Task prompt :: Each line from the start of the data below through the one containing "Bowling ball set" must be reproduced exactly.

Exercise data ::
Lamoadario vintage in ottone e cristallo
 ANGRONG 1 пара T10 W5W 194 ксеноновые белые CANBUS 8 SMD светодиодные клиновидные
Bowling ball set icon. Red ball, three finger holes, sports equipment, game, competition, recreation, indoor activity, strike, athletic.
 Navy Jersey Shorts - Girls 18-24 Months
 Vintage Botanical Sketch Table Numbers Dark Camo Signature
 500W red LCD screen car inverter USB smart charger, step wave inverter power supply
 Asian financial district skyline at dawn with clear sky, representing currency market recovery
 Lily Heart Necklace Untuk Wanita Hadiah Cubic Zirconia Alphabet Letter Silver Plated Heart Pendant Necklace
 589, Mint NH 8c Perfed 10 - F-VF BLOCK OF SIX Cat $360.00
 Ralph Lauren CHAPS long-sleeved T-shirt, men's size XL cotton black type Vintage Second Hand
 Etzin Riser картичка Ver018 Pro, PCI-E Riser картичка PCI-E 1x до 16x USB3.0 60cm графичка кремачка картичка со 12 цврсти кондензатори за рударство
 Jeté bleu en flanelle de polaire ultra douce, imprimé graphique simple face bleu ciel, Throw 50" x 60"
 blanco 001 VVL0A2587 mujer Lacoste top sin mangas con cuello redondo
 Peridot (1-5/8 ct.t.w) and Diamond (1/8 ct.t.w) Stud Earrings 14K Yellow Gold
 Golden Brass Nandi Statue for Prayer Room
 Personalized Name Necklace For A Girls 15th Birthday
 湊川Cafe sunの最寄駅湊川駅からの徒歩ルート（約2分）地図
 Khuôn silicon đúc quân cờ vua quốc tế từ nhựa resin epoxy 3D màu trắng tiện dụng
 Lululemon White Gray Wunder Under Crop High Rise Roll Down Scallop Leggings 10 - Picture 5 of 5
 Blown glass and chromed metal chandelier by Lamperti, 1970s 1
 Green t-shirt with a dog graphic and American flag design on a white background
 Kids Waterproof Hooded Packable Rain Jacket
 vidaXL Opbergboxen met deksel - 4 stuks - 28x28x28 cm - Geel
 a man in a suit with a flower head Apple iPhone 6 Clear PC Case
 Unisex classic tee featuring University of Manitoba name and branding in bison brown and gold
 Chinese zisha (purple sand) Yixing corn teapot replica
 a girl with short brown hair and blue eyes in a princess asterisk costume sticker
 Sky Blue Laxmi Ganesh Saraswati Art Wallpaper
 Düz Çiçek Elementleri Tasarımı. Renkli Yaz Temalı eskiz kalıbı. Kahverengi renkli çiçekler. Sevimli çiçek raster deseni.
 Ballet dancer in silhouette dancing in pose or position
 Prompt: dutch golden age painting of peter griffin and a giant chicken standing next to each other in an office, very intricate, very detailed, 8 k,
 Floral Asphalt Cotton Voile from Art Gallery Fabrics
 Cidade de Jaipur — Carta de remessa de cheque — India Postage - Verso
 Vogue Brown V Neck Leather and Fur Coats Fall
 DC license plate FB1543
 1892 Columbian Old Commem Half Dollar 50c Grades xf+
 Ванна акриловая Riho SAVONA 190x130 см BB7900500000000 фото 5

Worked solution ::
Lamoadario vintage in ottone e cristallo
 ANGRONG 1 пара T10 W5W 194 ксеноновые белые CANBUS 8 SMD светодиодные клиновидные
Bowling ball set icon. Red ball, three finger holes, sports equipment, game, competition, recreation, indoor activity, strike, athletic.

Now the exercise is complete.